== Data under study ==
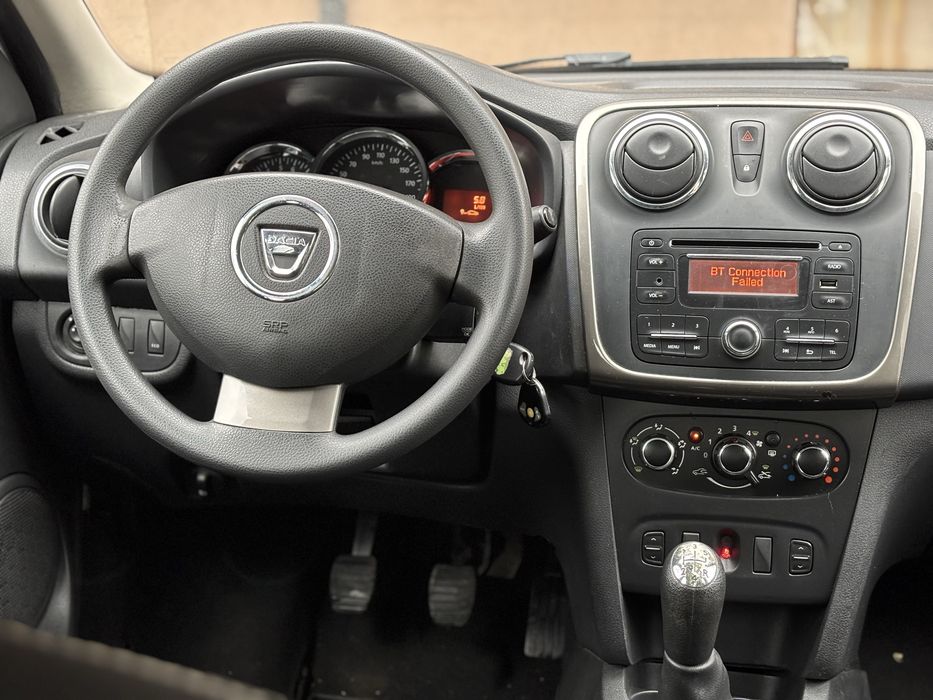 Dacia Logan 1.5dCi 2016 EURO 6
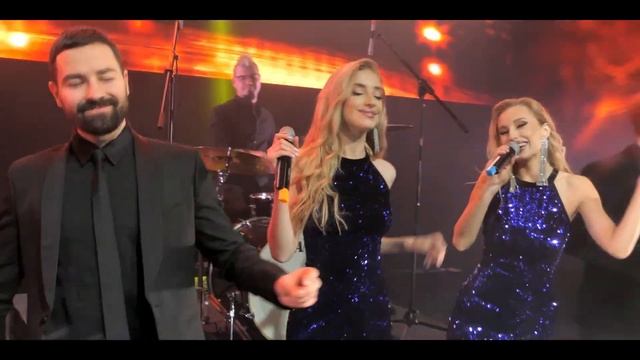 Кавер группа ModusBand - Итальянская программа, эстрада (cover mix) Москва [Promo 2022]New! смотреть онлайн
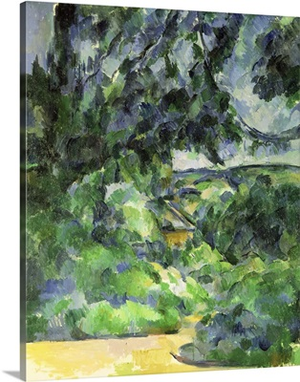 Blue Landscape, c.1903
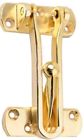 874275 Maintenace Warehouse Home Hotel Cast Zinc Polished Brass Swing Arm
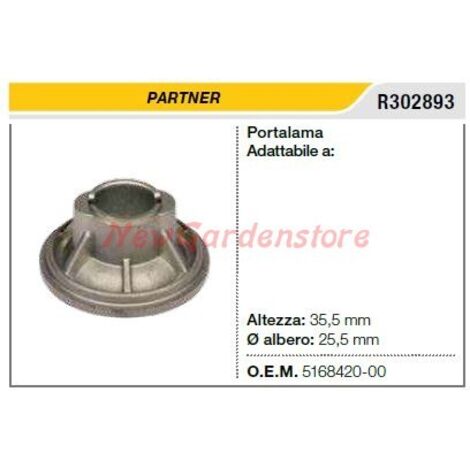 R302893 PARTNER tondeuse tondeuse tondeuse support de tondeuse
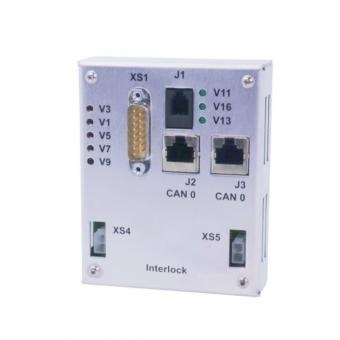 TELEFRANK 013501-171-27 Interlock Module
===
How to complete this task |
Reproduce verbatim the lines of the material above, beginning with its first line and ending with the line that contains "874275 Maintenace Warehouse"; skip pictures.

Solution to the problem |
 Dacia Logan 1.5dCi 2016 EURO 6
 Кавер группа ModusBand - Итальянская программа, эстрада (cover mix) Москва [Promo 2022]New! смотреть онлайн
 Blue Landscape, c.1903
 874275 Maintenace Warehouse Home Hotel Cast Zinc Polished Brass Swing Arm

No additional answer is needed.